One of the best parts about the GGJ, in my opinion, is its openness to game creation beyond the bounds of the digital. Indeed, Miami’s jam saw the creation of two fascinating multiplayer card games. Okay, the game Vanished is digital through and through since three players work collaboratively (awesome!) with their mobile phones (awesome!), attempting to save the interconnectedness of human knowledge from extinction by linking disparate spheres of information through the jungle of wikipedia (again, awesome!). So, for example, starting with cards that send you to the wikipedia pages for Lady Gaga, James Joyce, and The Kansas City Chiefs, can you and two other players work together, following links from these pages in order to arrive at a common page, say, Grand Theft Auto? Yes, you can! Of course, there are other mechanics at work in this sophisticated game which will derail your efforts. In another card game, Dissolution: A Space ‘Venture, you vie against other players in a resource hungry colonization of a new planet. Earth, after all, is faced with extinction. The Settlers of Catan jumps to mind, but Dissolution is equal to that famous game in terms of the tightness of its game mechanics. It’s truly an amazing feat that a team of individuals can gather for 48 hours and create a fun, challenging, multiple-player game with such a stunning balance of rules (the same goes for Vanished as well). So, if you and some friends are thinking about what to do on snowy evening, print out those .pdfs, scissor them up, and settle in for a social gaming experience where nothing will be extinct except your boredom.

Rubicon

Then there was Rubicon, a captivating and fragile artgame which provides a nice closure to my post. Rubicon is meant to be played by an individual only once, where he or she initially controls a bubble ascending from a body of water. As the journey unfolds the player can merge with other bubbles within the water, thus becoming larger, or instead choose to avoid other bubbles, and thus remain smaller. At a certain point the bubble erupts from the water and becomes airborne; the player now attempts to avoid blowing leaves that will burst the bubble that he or she has evolved. Depending on your choices in the water stage you end up with different movement skills within the air as you float. The game is perhaps a wonderfully distilled version of the first stage of Spore (and, in my opinion, packs a more meaningful punch than an aesthetically similar award-winning game, flOw). When you finally—inevitably—strike a leaf and “die” the game records a phrase that describes how you lived your fleeing, effervescent life (so-and-so was “curious at an early age” or “explored wide and far”). Future players can read these brief descriptions of prior journeys before they begin their one play-through.

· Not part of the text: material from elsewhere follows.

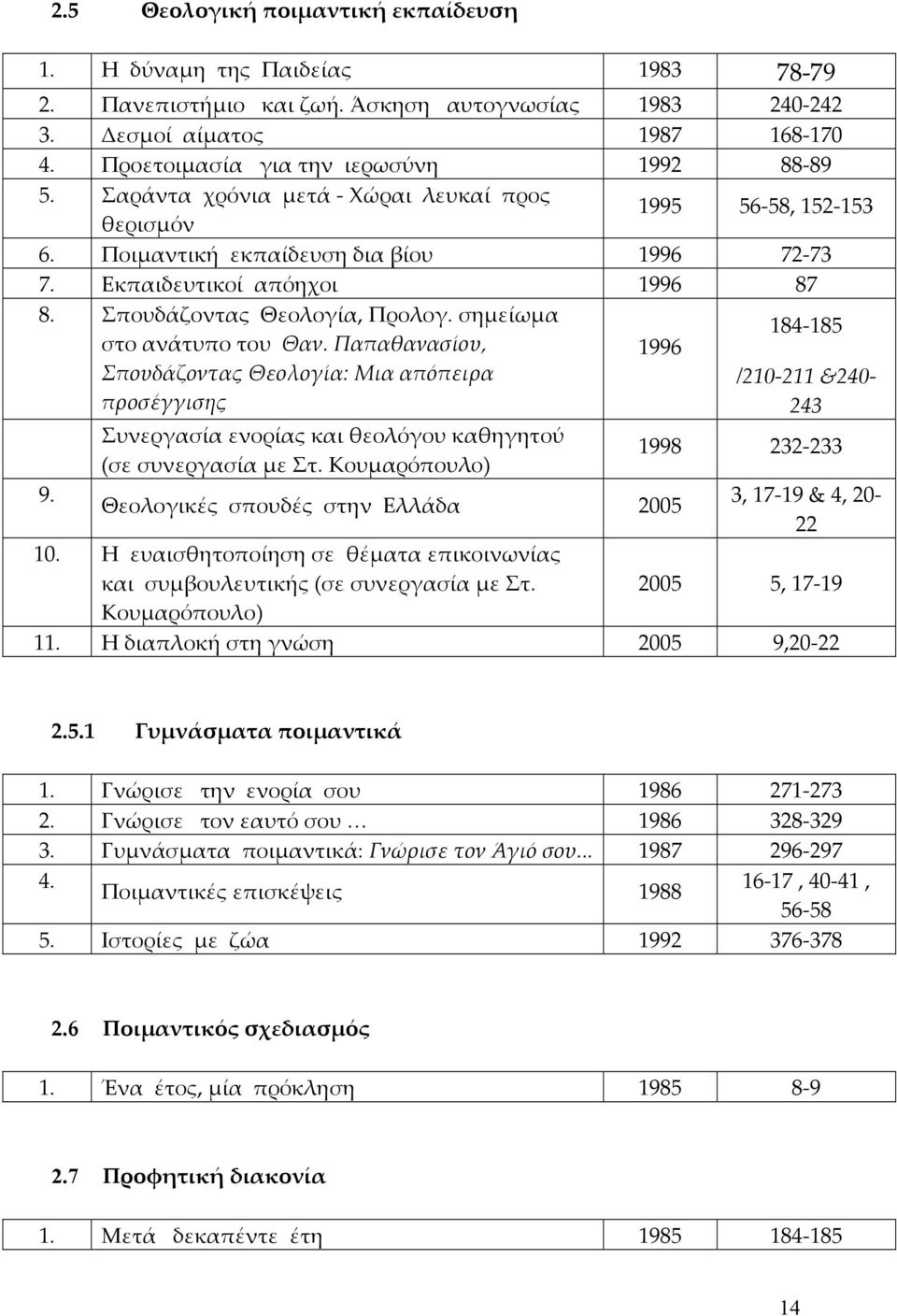 Σπουδάζοντας Θεολογία, Προλογ. σημείωμα στο ανάτυπο του Θαν.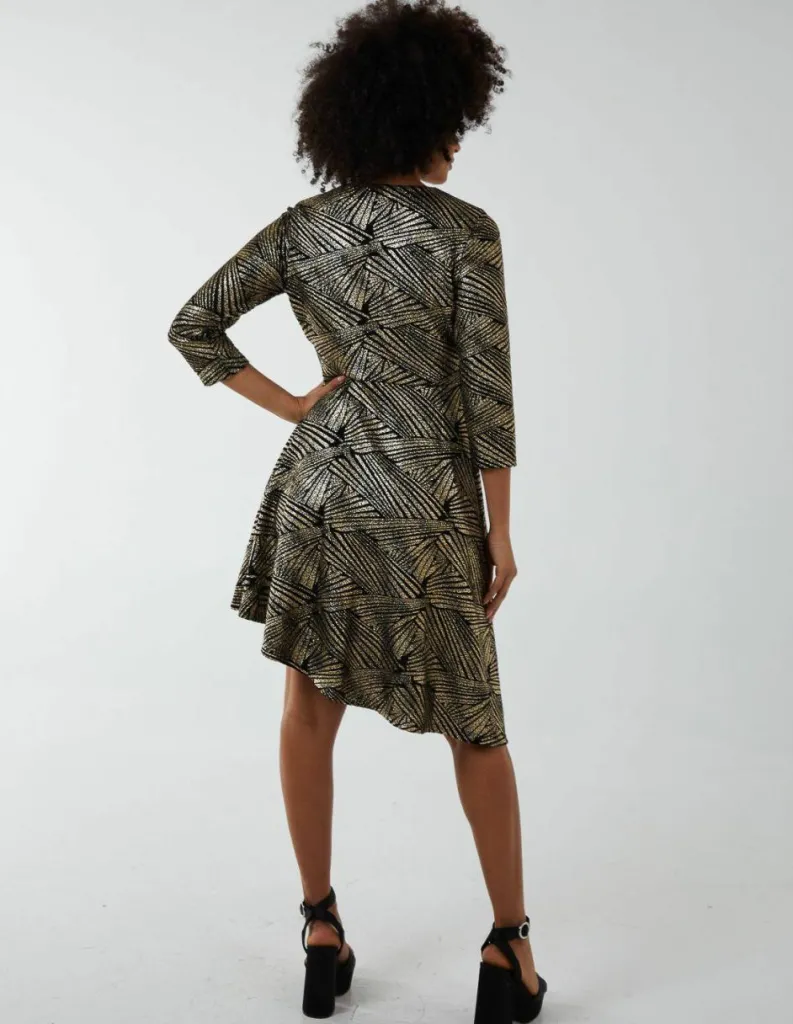 Wrap Dresses*Blue Vanilla Asymmetric Metallic Animal Foil Wrap Dress Gold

A “rubicon” is defined as “a limit that when passed or exceeded permits of no return and typically results in irrevocable commitment.” Is this not a nice description of the Global Game Jam event, a threshold participants cross, irrevocably committing to the production of a game in 48 hours? Each individual or team chooses how to design their game, their innovative bubble of creation, eventually releasing them into the world. Each journey is different, each exploration unique, but all leave a mark that others—like me, an unknown, distant player—can encounter and enjoy.

If you haven’t yet played these excellent games, fortunately they are not threatened with extinction. In fact, they are alive and well, right over here. Go play.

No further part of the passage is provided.